At a seasonally adjusted annual rate of $535.6 billion, new construction starts in February increased 4% relative to the previous month, it was reported by McGraw-Hill Construction, a division of The McGraw-Hill Companies. Gains were registered by nonresidential building and housing, while the nonbuilding construction sector held steady with its January pace. During the first two months of 2004, total construction was 2% higher than the same period a year ago.

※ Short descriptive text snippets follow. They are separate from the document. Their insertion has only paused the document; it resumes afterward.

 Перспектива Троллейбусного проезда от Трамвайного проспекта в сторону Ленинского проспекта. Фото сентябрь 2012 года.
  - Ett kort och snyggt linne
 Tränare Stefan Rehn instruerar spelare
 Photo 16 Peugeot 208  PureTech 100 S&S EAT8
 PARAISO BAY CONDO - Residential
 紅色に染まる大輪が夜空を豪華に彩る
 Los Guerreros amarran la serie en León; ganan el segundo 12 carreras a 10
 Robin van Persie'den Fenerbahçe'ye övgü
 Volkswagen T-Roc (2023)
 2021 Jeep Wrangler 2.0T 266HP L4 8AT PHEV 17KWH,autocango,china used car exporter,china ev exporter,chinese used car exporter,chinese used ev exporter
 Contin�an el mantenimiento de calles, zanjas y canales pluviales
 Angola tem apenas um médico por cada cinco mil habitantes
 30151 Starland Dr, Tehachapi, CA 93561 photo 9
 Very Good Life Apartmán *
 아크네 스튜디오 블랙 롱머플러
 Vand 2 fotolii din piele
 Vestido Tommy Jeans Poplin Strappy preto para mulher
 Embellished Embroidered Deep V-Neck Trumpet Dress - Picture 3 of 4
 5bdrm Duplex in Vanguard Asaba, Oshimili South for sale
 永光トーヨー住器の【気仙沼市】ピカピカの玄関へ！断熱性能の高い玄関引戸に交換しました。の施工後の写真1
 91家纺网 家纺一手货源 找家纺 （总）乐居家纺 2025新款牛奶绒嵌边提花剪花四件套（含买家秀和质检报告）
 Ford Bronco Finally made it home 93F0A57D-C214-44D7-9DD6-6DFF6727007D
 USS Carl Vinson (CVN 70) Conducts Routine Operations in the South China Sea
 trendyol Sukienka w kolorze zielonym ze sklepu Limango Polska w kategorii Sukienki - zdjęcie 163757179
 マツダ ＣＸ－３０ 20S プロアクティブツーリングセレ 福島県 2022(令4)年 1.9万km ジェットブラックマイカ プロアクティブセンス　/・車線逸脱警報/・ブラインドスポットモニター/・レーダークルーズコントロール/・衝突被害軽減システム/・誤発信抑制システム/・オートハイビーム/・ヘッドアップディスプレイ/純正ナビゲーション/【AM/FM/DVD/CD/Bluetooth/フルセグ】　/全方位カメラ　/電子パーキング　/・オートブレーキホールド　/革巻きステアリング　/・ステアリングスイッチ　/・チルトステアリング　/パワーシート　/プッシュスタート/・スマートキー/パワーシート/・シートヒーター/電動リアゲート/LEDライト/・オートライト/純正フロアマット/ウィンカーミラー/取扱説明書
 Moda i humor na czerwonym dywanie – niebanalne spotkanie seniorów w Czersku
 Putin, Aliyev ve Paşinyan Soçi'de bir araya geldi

February's data lifted the Dodge Index to 161 (1996=100), up from a revised 155 for January. After reaching its most recent peak in October 2003 at 168, the Dodge Index had experienced a mild loss of momentum over the next three months, before rebounding in February. "The construction industry appears to be hovering at a level close to last year's pace," stated Robert A. Murray, vice president of economic affairs for McGraw-Hill Construction. "Housing remains very healthy, and the upturn for nonresidential building in February was a welcome development after a sluggish January. Over the course of 2004, it's expected that nonresidential building will see a modest strengthening trend. Admittedly, though, this year's sharp increase in steel prices has made the nonresidential upturn less certain, given the impact that higher costs and materials shortages may have on individual construction projects. At this juncture, it appears that the nonresidential upturn will be dampened but not derailed, assuming steel prices settle back by midyear, but the situation clearly bears watching."

Nonresidential building in February increased 7% to $148.3 billion. Office construction jumped 39% following a weak January, boosted by the start of two U.S. Department of Transportation office buildings in Washington DC totaling $189 million, plus two office buildings in Atlanta valued respectively at $89 million and $80 million. Murray indicated, "While still at a low volume, office construction is now seeing the occasional monthly gain, which in the case of February included the start of several large government-related office projects." Stores and shopping centers in February increased 21%, reflecting the start of an $88 million project in Logan Township PA and a $50 million project in Las Vegas. The educational building category also had a strong month, rising 18% with the start of a $100 million university building in Chicago and a $55 million museum renovation in New York City.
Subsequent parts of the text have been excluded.